The 10 million light year-wide ring is made up of small galaxies that are expanding rapidly like a mini Big Bang. According to the researchers, at some point in time our neighbouring galaxy, Andromeda, flew past our own galaxy at close range, slingshotting off several small galaxies in the process.

“If Einstein’s Gravity were correct, our Galaxy would never come close enough to Andromeda to scatter anything that fast,” explains one of the team, Hongsheng Zhao from the University of St Andrews in Scotland.

The discovery, if proven correct, would create a whole new understanding of gravity and our cosmos, considering a galactic flyby is only plausible if, as galaxies move away from one another, gravity weakens more slowly than Einstein’s theory suggests.

“The ring-like distribution is very peculiar. These small galaxies are like a string of raindrops flung out from a spinning umbrella. I found there is barely a 1 in 640 chance for randomly distributed galaxies to line up in the observed way. I traced their origin to a dynamical event when the Universe was only half its present age,” says Indranil Banik, the PhD student who led the study.

“The high galactocentric radial velocities (GRVs) of some Local Group galaxies must have been caused by forces acting on them that our model does not account for,” the researchers say in their paper.

Furthermore, these galaxies exist on the same plane of the Universe as the Milky Way and the Andromeda Galaxy, which the researchers argue is unlikely to be a coincidence.

The tsunami-like wake in the sky, then, was likely the result of a near-miss of the speeding Andromeda galaxy with the Milky Way. Orbiting each other in a plane, the the two galaxies would have pushed aside dwarf galaxies in their trails. This may reveal why the speeding dwarfs are in a plane with the Milky Way and Andromeda.
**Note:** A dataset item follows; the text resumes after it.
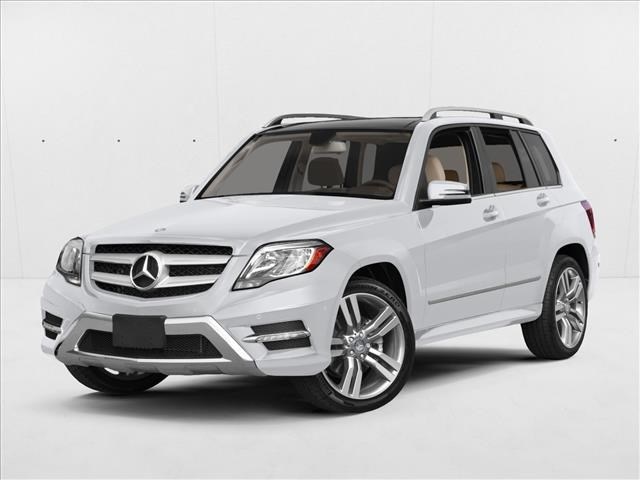 2015 Mercedes-Benz GLK-Class GLK350's photo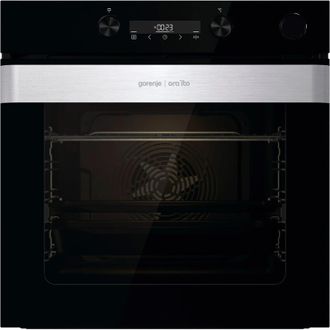 Встраиваемый духовой шкаф Gorenje BSA6737ORAB - фото 1 Встраиваемый духовой шкаф Gorenje BSA6737ORAB - фото 1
“In Einstein’s gravity paradigm, hypothetical dark matter is always invoked. Such a high speed requires 60 times the mass we see in the stars of the Milky Way and Andromeda. However, the friction between their huge halos of dark matter would result in them merging rather than flying 2.5 million light years apart, as they must have done.,” Banik says.

Though we’ll have to see where this study leads, the possibilities it opens up for theoretical physics are exciting.

“Science progresses through challenges,” says Marcel Pawlowski, a Hubble Fellow at the University of California, Irvine, who elicited Banik’s discovery. “Together with two other known planes of closer-in satellites, this gigantic ring forms a serious challenge to the standard paradigm.”